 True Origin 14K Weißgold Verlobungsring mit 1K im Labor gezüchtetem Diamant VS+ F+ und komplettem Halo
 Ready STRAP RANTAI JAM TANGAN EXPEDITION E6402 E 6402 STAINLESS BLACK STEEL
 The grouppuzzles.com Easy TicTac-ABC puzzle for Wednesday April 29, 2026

+-------+

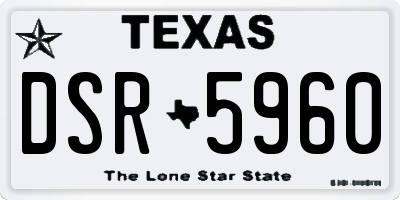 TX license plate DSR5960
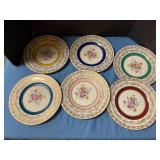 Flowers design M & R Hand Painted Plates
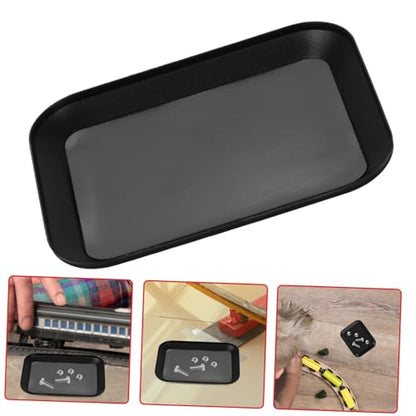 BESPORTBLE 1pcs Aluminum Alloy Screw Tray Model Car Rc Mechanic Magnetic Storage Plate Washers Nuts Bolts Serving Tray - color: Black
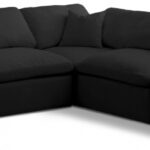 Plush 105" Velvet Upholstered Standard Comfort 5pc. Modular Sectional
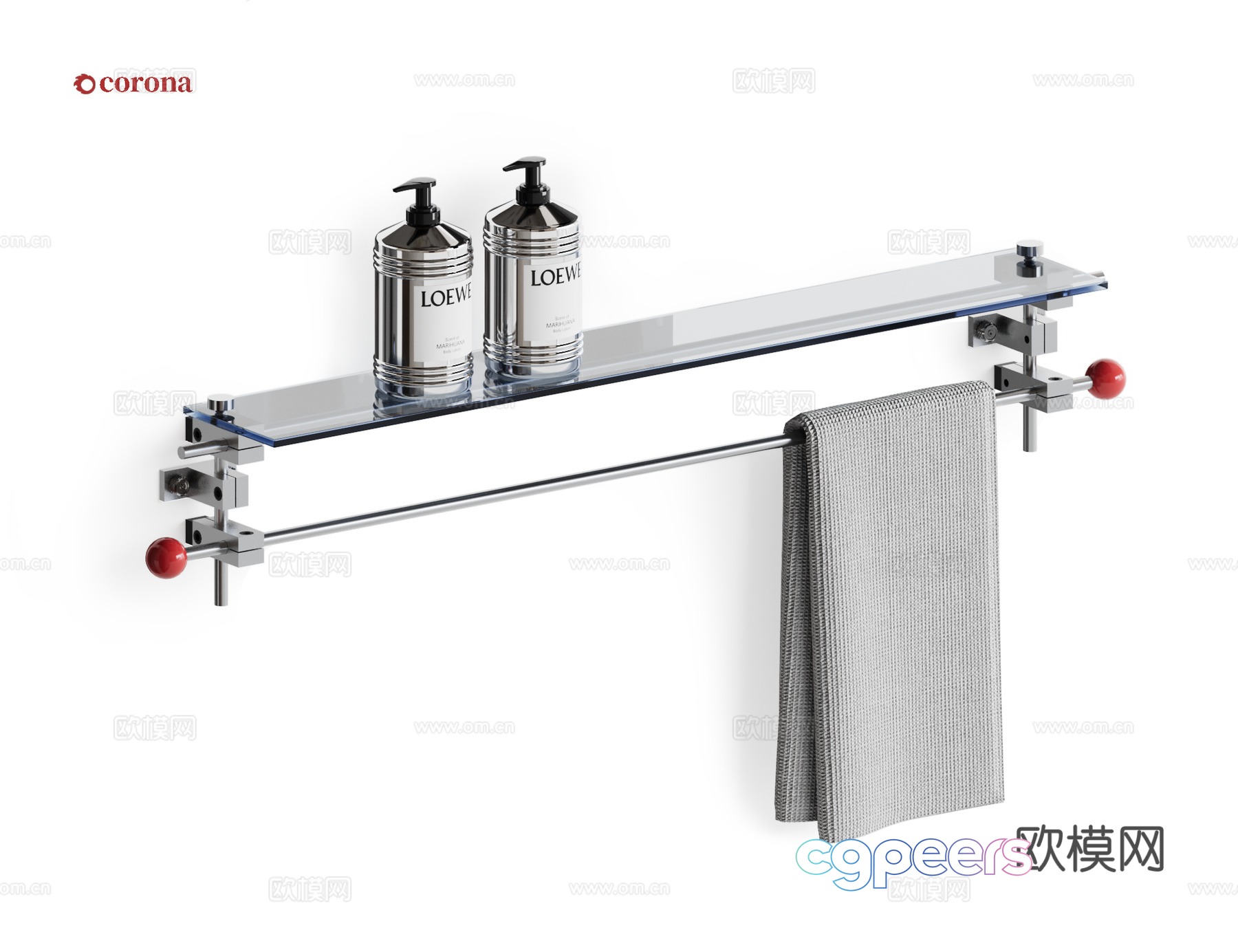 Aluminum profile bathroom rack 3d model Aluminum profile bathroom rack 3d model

+-------+

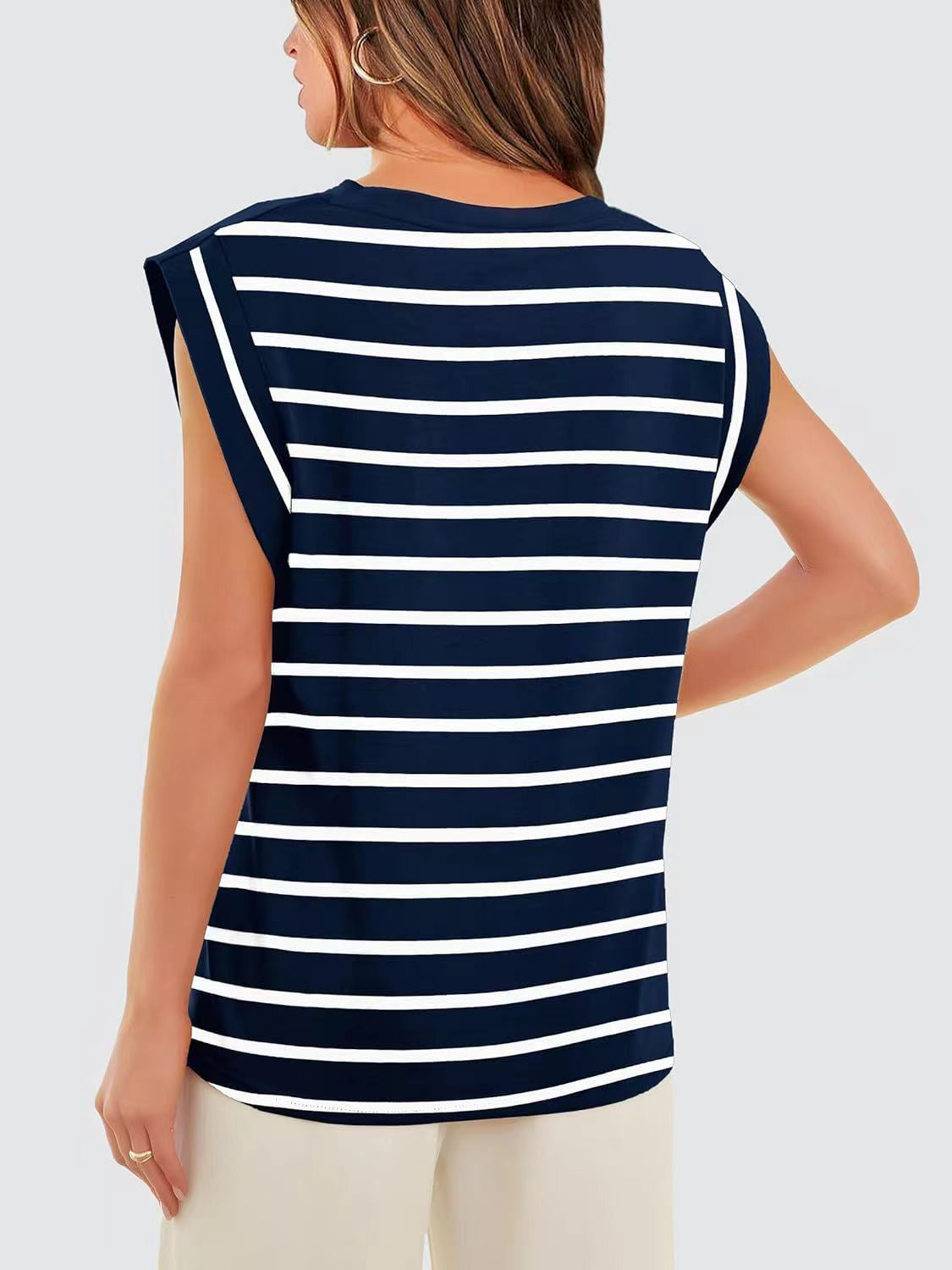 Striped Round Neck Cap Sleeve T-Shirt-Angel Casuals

+-------+

**YOUR TASK:**
In the records above, everything from the line with "TX license plate DSR5960" down to the line with "Aluminum profile bathroom rack 3d model Aluminum" must be duplicated exactly, both lines kept. Leave no pictures in.

**ANSWER FOR THIS EXERCISE:**
 TX license plate DSR5960
 Flowers design M & R Hand Painted Plates
 BESPORTBLE 1pcs Aluminum Alloy Screw Tray Model Car Rc Mechanic Magnetic Storage Plate Washers Nuts Bolts Serving Tray - color: Black
 Plush 105" Velvet Upholstered Standard Comfort 5pc. Modular Sectional
 Aluminum profile bathroom rack 3d model Aluminum profile bathroom rack 3d model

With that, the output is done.